I got what he was saying. I’d seen what he was saying. A lot of gay men at work earn their popularity through endless compliments, telling salacious tales of the weekend’s exploits and trading gossip. Nothing wrong in that. All great fun. But it can end up meaning being taken less seriously as a result and, at work, I’ve always wanted what I think to be taken seriously, so have very deliberately avoided building this kind of rapport with my colleagues.

(Besides which, just because people are laughing along with you doesn’t mean they’re not judging you too).

You can really sense the disappointment though, when someone thinks you’re going to be camping it up rather than clamping down on what needs to get done; when you’re not as gay, in the traditional sense of the word, as they’d like you to be.

You couldn’t call it homophobia. It’s not that. The people who do this are anything but homophobic, and trying to prove it. It is, however, a kind of homo-homogenising and, in some environments, it can induce people to stay in the closet as much as the fear of distain, disapproval or even the mystery of that hatred.

Don’t assume you know me because you know I’m gay.
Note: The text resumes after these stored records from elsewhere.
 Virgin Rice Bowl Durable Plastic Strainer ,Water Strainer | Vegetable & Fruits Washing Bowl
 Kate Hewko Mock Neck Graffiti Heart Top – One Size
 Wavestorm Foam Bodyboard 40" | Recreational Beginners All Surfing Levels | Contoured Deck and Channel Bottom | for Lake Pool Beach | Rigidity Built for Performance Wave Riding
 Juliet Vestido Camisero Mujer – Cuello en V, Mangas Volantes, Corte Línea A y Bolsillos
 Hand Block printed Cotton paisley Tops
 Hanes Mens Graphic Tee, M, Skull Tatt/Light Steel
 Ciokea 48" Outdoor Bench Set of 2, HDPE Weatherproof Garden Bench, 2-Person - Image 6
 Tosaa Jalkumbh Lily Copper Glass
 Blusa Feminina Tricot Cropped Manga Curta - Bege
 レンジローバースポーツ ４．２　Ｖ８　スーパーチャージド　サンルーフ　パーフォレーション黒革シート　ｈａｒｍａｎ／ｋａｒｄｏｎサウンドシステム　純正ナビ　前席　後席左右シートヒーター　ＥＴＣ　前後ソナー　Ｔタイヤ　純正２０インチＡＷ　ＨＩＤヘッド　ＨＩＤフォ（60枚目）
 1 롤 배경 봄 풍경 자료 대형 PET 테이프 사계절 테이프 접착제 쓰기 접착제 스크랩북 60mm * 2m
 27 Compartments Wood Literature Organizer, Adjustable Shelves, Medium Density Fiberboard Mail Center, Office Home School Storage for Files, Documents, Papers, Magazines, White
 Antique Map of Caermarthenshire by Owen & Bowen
In all honesty, that gives you as little insight as to who I am as knowing I’m a Scorpio, a Tiger or an ENTJ.

As with so much around diversity issues, people are well-intentioned, but a little thoughtless, too.

As I once explained to a former colleague who’d used the word gay as an adjective, an out and proud man like me (with a scorpion’s sting and a tiger’s claws) can more than handle that being said, but, that early twenty-something guy or girl sitting across from you who’s yet to come out might inwardly wince at hearing that, might inwardly feel a little more isolated and, most important of all, less inclined to point out you’re being a little thoughtless in what you say, if not outrightly offensive.

And it’s those little conversations, those little pointers, that help so much in clarifying people’s understanding of one another; that help in uniting, rather than dividing, us. 

In fact, throughout my entire career, I can only think of one overt instance of homophobia that I’ve experienced, and I was so shocked by it I didn’t say anything at all at the time.

This wasn’t that long ago, and I’d been headhunted for a very senior agency role, and was attending a panel interview. We were talking about various clients I’d worked with, when a guy on the panel asked me, “And are there any clients where your creative camp hasn’t gone down so well?”

I understood the question. It goes back to my point earlier about, as a gay man, perhaps not being taken as seriously as one might be, but, in light of the evidence in front of him (I’ve worked with some pretty ‘macho’ organisations in my time – the police, the prison service, automotives, banking, law, tech and engineering firms) it was a really insulting question.

Perhaps just a thoughtless one. Perhaps if he’s reading this he’ll feel a little better informed now as to why that was so inappropriate.

And my final point on the same strand of thought: in my twenty years of work, no one has ever invited me to play golf. I can’t play golf; I don’t want to go and play golf; but it would have been nice, just once, if someone hadn’t assumed that was the case.